Ci raggiunge Laura Barberio, esperta di diritto dell’immigrazione e docente insieme a Iafrate del Master Medim (Master in Economia Diritto ed Intercultura delle migrazioni).
Avvocato, nel caso della cittadinanza, la pratica può essere seguita anche da un Caf o un patronato per 100 euro o poco più. Considerando che la clientela straniera ha mediamente una bassa disponibilità economica, come mai in molti si rivolgono a servizi a pagamento, per 2-3.000 euro o più?
«Spesso conta molto il passaparola. O la pubblicità, soprattutto sui social, che sicuramente è in grado di condizionare molte scelte. Va detto però che in alcuni casi, il cittadino straniero che sceglie di affidarsi ad un avvocato esperto in materia di immigrazione è maggiormente tutelato. Ed è seguito in tutte le attività stragiudiziali».

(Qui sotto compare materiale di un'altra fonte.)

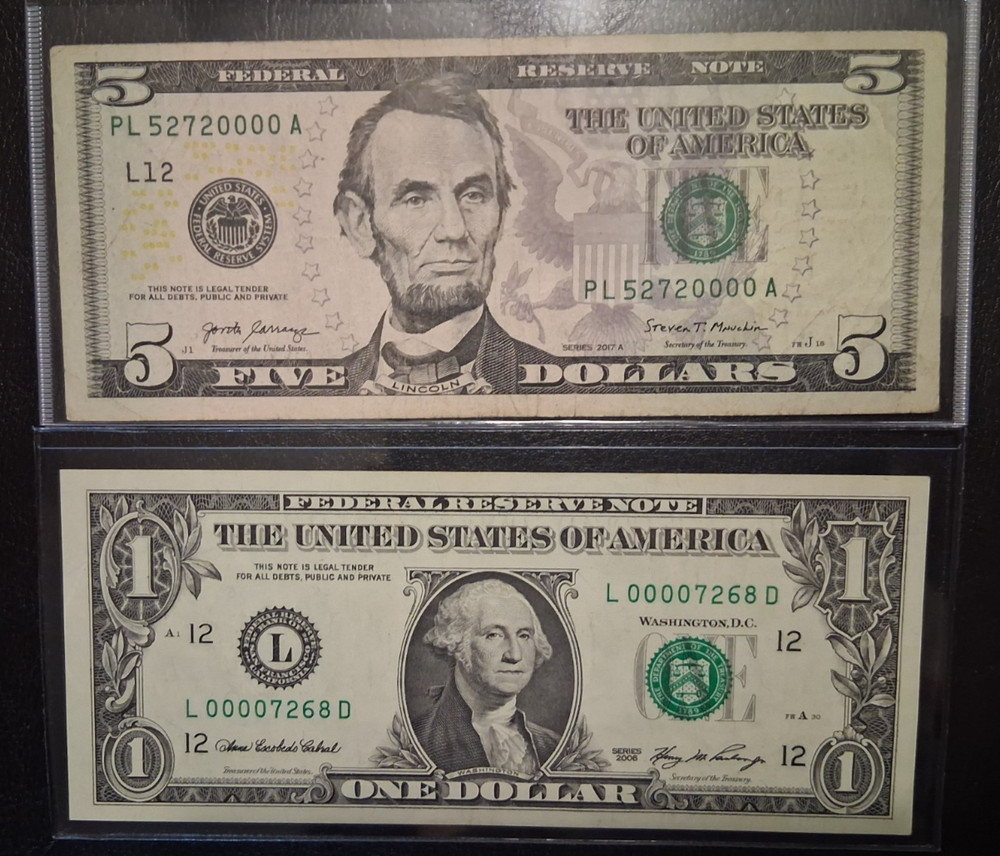 US ONE and FIVE DOLLARS 2006-2017 LOW SERIAL NUMBER VF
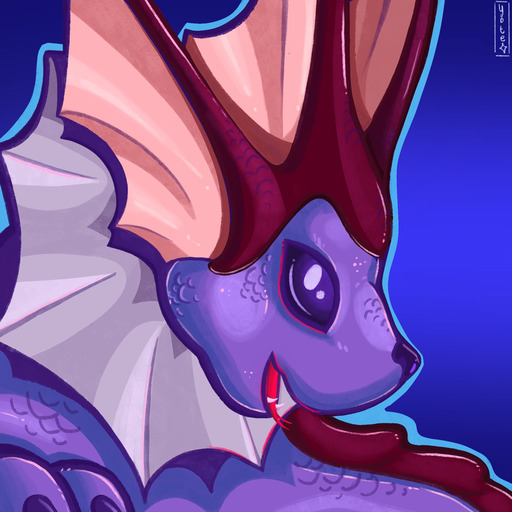 An icon of a purple and red Vaporeon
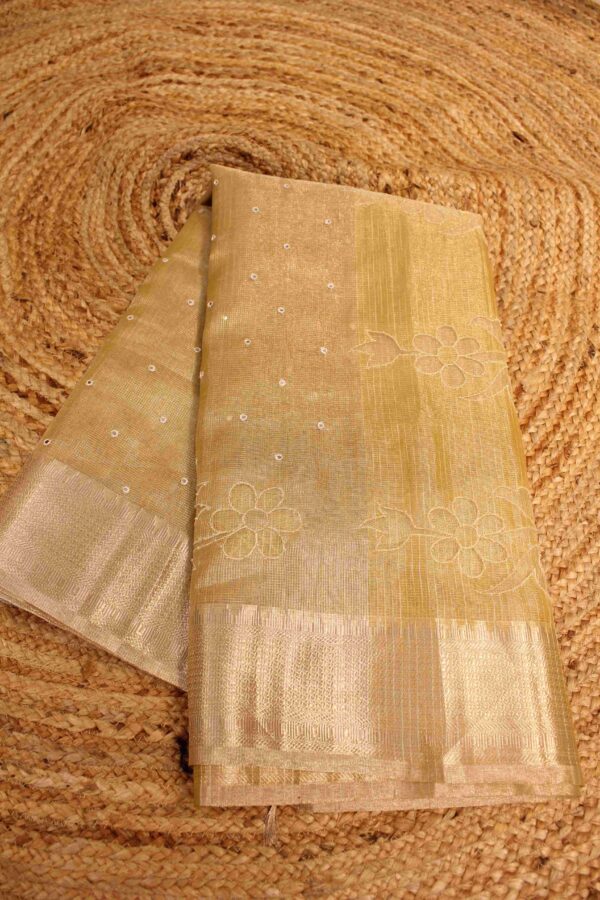 Mirror & Floral cut work Tissue Saree - Image 2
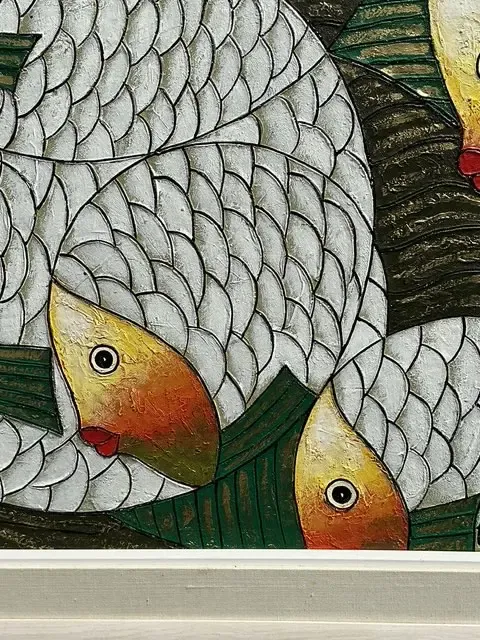 Vintage Original School of Fish Oil Painting on Canvas — additional photo 5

È normale far pagare solo per un’informazione o per la prima consulenza informativa?
«Il patrocinio non riguarda l’attività di consulenza che quindi può essere a pagamento. Alcuni studi legali spesso concedono una prima valutazione gratuita. Che però non deve configurare un’ipotesi di accaparramento di clientela. Anche qui c’è una deontologia. Condivido Pietro Calamandrei quando diceva che l’avvocato “deve essere prima di tutto un cuore, un altruista, uno che sappia comprendere gli altri uomini… sentire come sue le loro ambasce”».
E qui però si si apre un altro capitolo. Perché in nome «dell’umanità» o dell’ideologia, l’avvocato spesso presta il fianco a racconti non veritieri da parte dei migranti che servono a convincere i giudici. Penso soprattutto ai ricorsi per l’asilo portati avanti da migranti economici. Questo sistema non rischia di ledere chi ha veramente diritto alla protezione? E che poi si finisca per non credere più a nessuno?
«Noi dobbiamo ascoltare le storie che ci raccontano i nostri assistiti e tradurle in atti legali. Non è sempre vero che un migrante considerato come solo economico dalle Commissioni territoriali non abbia caratteristiche tali da non meritare protezione speciale o anche protezioni maggiori in sede di ricorso per via giudiziaria. Penso alle donne vittime di violenza che non sono riuscite a parlarne in prima istanza o ai migranti a rischio di re-trafficking. Mai come oggi chi difende gli stranieri si trova a dover tutelare i diritti umani fondamentali della persona a fronte delle molteplici violazioni poste in essere dalle autorità amministrative competenti a gestire il fenomeno migratorio».
Entrambi lavorate con il gratuito patrocinio il cui capitolo di spesa, secondo i dati del ministero della Giustizia, tra il 2015 e il 2023 è passato da 215 milioni di euro l’anno a ben 493. Un boom dove il numero degli stranieri è risultato sempre in crescita, come si legge nella relazione del ministero. È un business anche questo?
«Molti dei nostri clienti sono stranieri ma ultimamente è aumentato anche il numero degli italiani che si rivolgono a noi e hanno diritto al servizio legale a spese dello Stato. Non direi proprio che lavorare con il patrocinio arricchisce gli avvocati. L’onorario viene dimezzato e i pagamenti arrivano dopo anni dalla fine dei procedimenti. I business sono altri».